To our peril, in the face of a mountain of serious issues, we are yelling at one another. Why? We’re scared. Life is uncertain and impermanent. And, we live in the shadow of multiple and inter-connected challenges locally, nationally, and globally: food insecurity and malnutrition, climate change and environmental degradation, decrepit infrastructures, inequality and inequity, and wars with their horrifying “collateral damage” including the soul-crushing abuse of women and millions of refugees desperately seeking safer havens.
How can we even begin to tackle these issues with polarized and dysfunctional democratic institutions?
Unfortunately, just like our leaders, we tend to seek security by grabbing onto inherited and often unexamined beliefs about rights answers. Such “certainties” can be comforting in this changeable and frightening world. They can distract us from the anxiety, anger, and helplessness we feel. However, they can also instigate combative interactions that interfere with our ability to come together to solve the problems before us.
When we stop and deeply consider the larger picture, we see we are in this together. We understand that we need one another not only to survive, but also to create a world, an organization, or a community that we will be proud to bequeath to our children and our children’s children.
Our need to talk better together has never been greater. We no longer have time for unproductive and damaging discussions that lead to stalemate, destructive compromises, and downright bad decisions.
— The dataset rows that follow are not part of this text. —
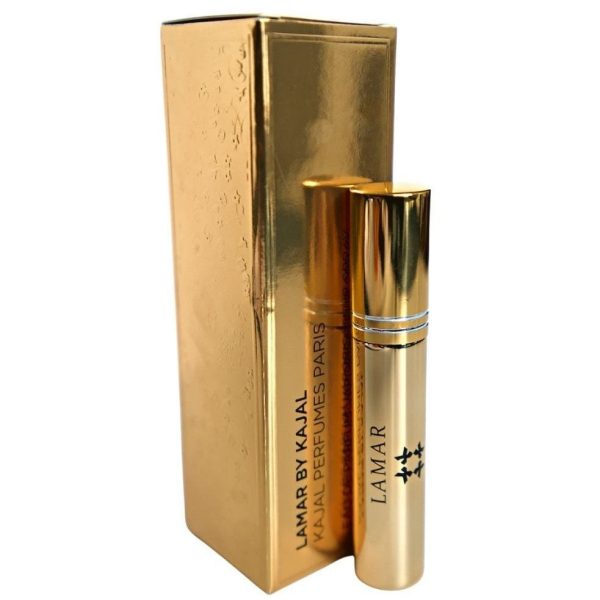 Kajal Lamar Unisex EDP 10 ml Travel Spray קג’אל למאר אדפ יוניסקס 10 מ”ל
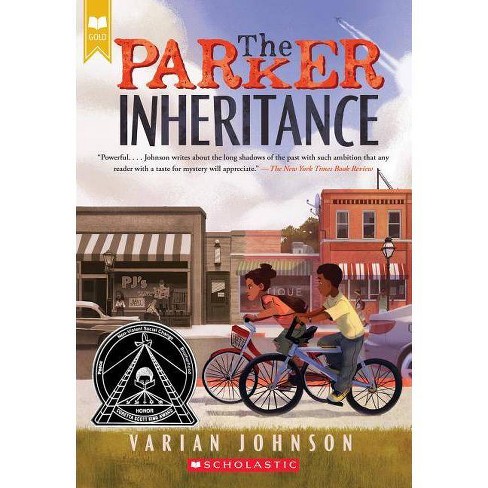 The Parker Inheritance by Varian Johnson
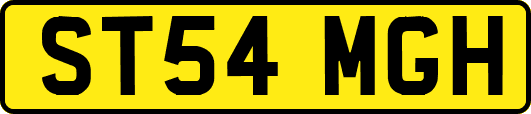 ST54MGH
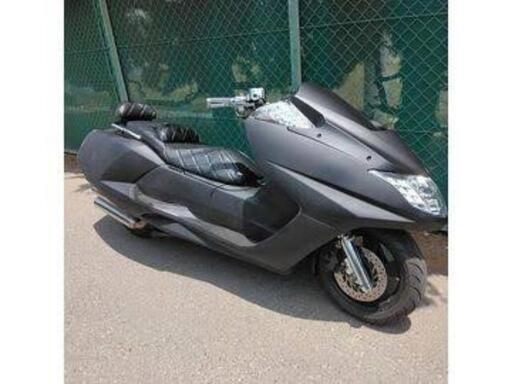 YAMAHA マグザム（レストアベース）
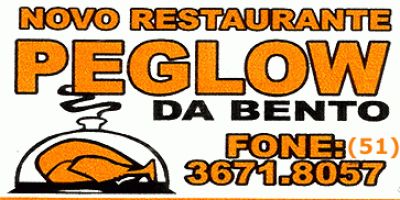 Novo Restaurante Peglow da Bento voltou a abrir aos domingos ao meio-dia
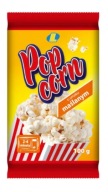POPCORN DO MIKROVLNNEHO MASLA LEWIATANSKÉ MASLO 100G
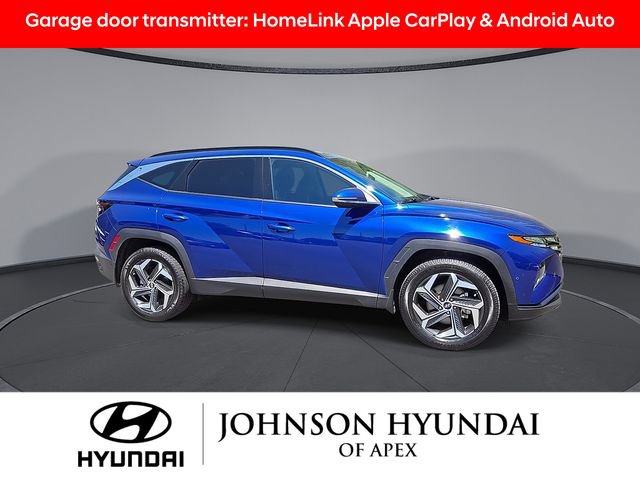 Certified 2023 Hyundai Tucson Limited AWD/4WD image 10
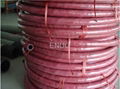 Colorful rubber oil and fuel hose 2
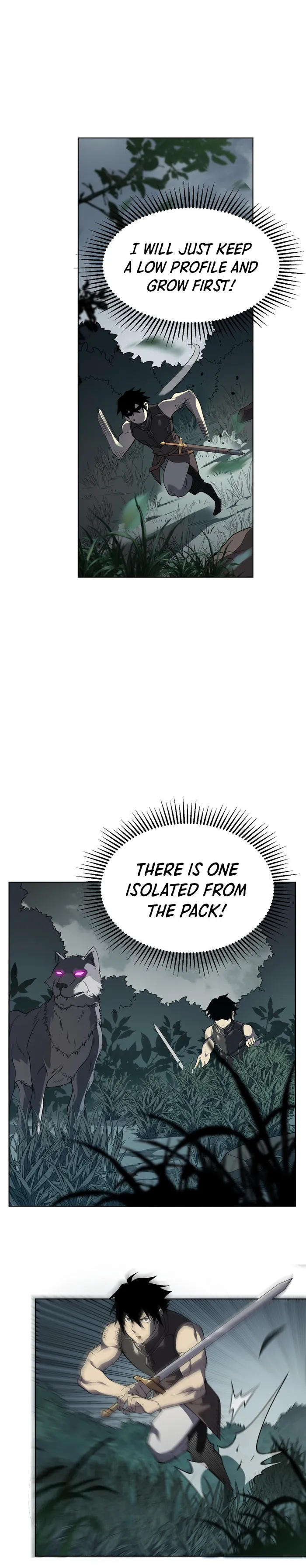 I Became The Game’s Biggest Villain Chapter 2 Image 7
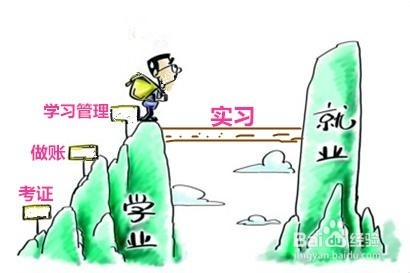 杨家坪学会计哪里好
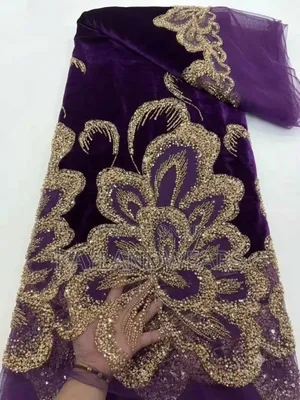 Laces Fabrics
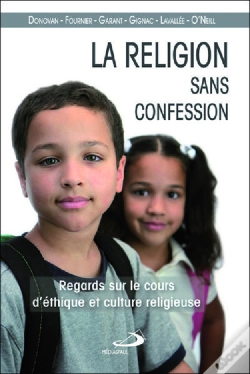 Capa do artigo La Religion Sans Confession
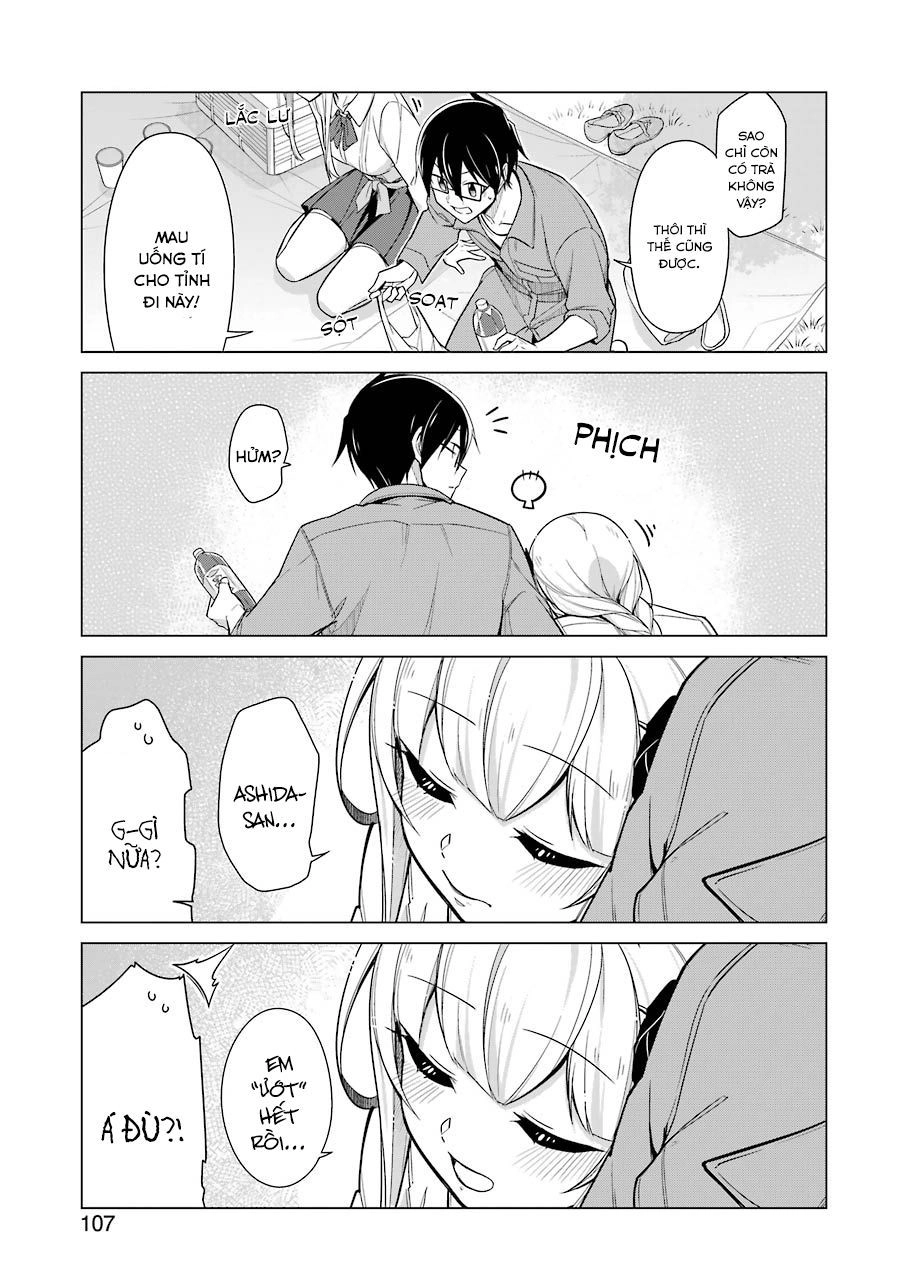 Sensei, Ore Ni Kamawazu Itte Kudasai!! Chapter 13 - 7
Can so much depend on how we talk with one another? Yes! How we talk affects our ability to learn and think effectively, which is key to our being able to figure any of this out.
Of course, changing how we talk with one another is not the only step necessary to taking on these matters, but it is essential to improving our situation and creating a desirable future. The future need not be a place we march towards blindly; instead it can be a place we create together through our interactions. Perhaps those of us closer to the issues in our communities and organizations can show the way.
If you are interested in becoming more adept at generating effective, even transformative conversations with colleagues, and leaders at work or in your community, or with neighbors or family members, this blog is for you. My hope is that you will find inspiration, tips, and tools here to create meaningful and productive conversations about consequential questions so that together we can do good things for our world. Each post will be grounded in the brain and behavioral sciences and in just plain common sense based on my years of experience as a facilitator, consultant, and community member.
Please pass this along to anyone who you think might find this information helpful.
7 thoughts on “Introduction to How We Talk Matters”
This is what I want to be thinking and talking about. Thank you Mary!
Haha. I woke up down today. You’ve chereed me up!
How lovely to receive your blog. I took your Collaborative Organization Design course in the early 1990’s when I was the internal OD at Kaiser; I still have the binder! Wishing you both well.
So good to hear from you, Sharon. Hope you are well.
Your comments past discussion on the role of intention – choosing to listen first to understand. Perhaps there can be some meaningful exploration here of the role and process of intention?
Mary: What a wonderful concept. Thank you so much for creating and sharing. I look forward to following along and learning.
Thanks, Lee. I so appreciate your interest!